(Records drawn from a dataset)
· · ·

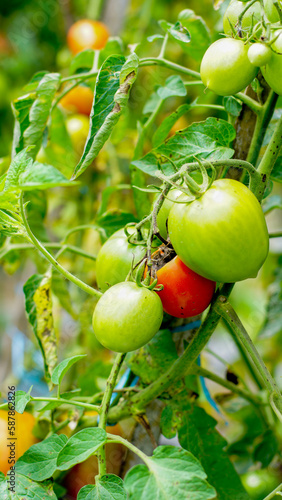 tomato plants with fruit that is starting to ripen, looks fresh, orange and green in color, some are ripe and orange in color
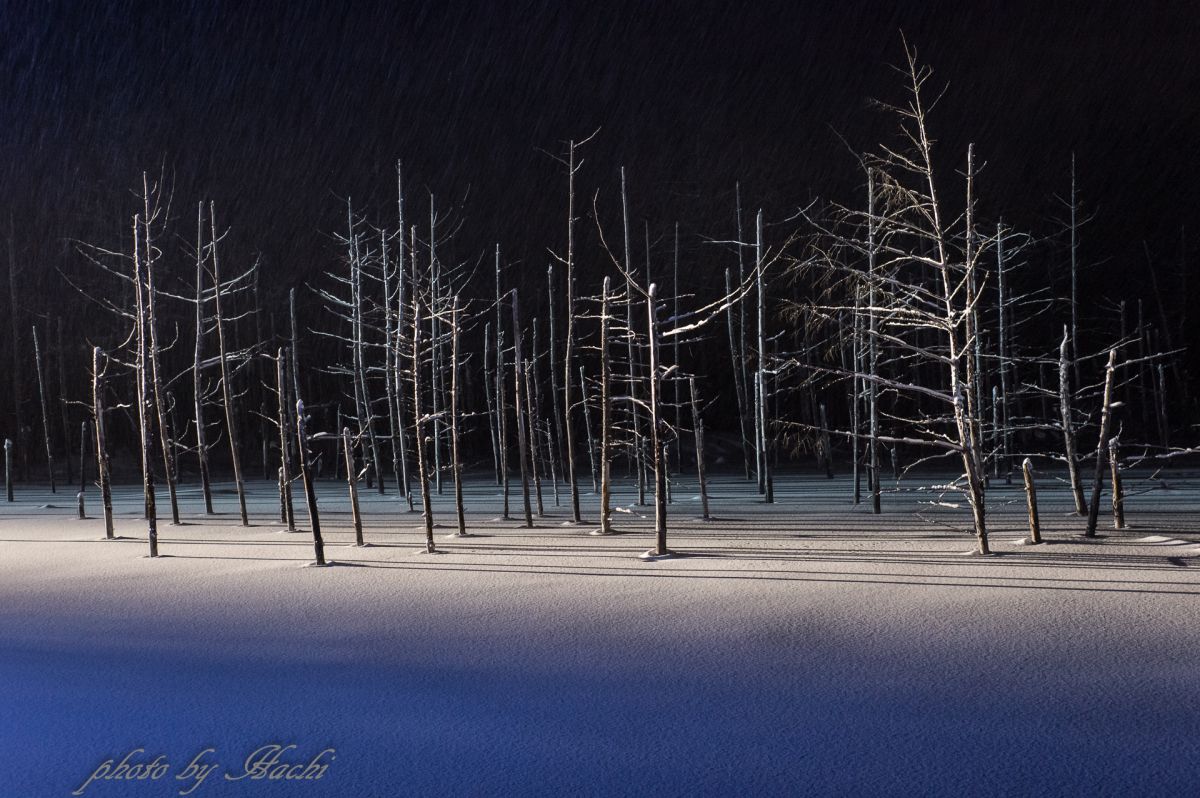 青い池の冬 自然 風景 湖沼 Ganref
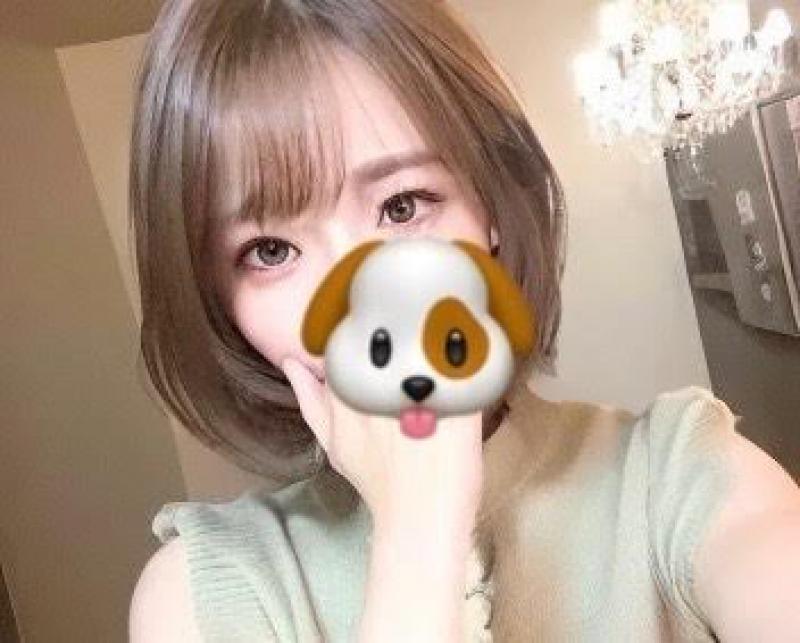 出品者名-写真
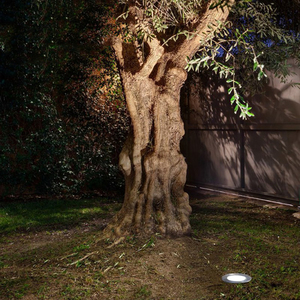 Chine <span class=keywords><strong>LED</strong></span> Paysage Lumière Souterraine 5W <span class=keywords><strong>IP67</strong></span> Étanche Buried Extérieure Jardin Chemin <span class=keywords><strong>Spot</strong></span> Encastré Dans L'éclairage Au Sol - Product Image 6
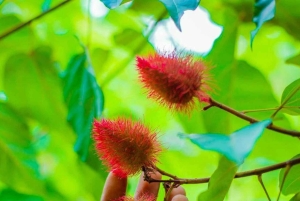 Sansibar: Private Führung über eine Gewürzfarm & Prison Island.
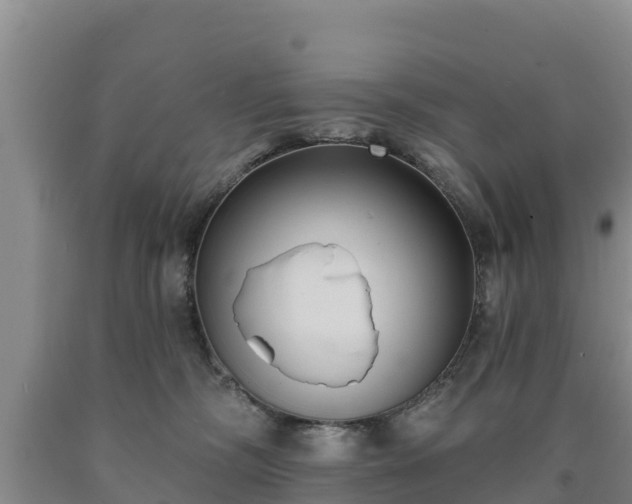 X0000090710326200707271136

· · ·

Exercise directions = Only the records themselves, retyped exactly, belong in the answer; please leave all images behind.

Solved problem =
 tomato plants with fruit that is starting to ripen, looks fresh, orange and green in color, some are ripe and orange in color
 青い池の冬 自然 風景 湖沼 Ganref
 出品者名-写真
 Chine <span class=keywords><strong>LED</strong></span> Paysage Lumière Souterraine 5W <span class=keywords><strong>IP67</strong></span> Étanche Buried Extérieure Jardin Chemin <span class=keywords><strong>Spot</strong></span> Encastré Dans L'éclairage Au Sol - Product Image 6
 Sansibar: Private Führung über eine Gewürzfarm & Prison Island.
 X0000090710326200707271136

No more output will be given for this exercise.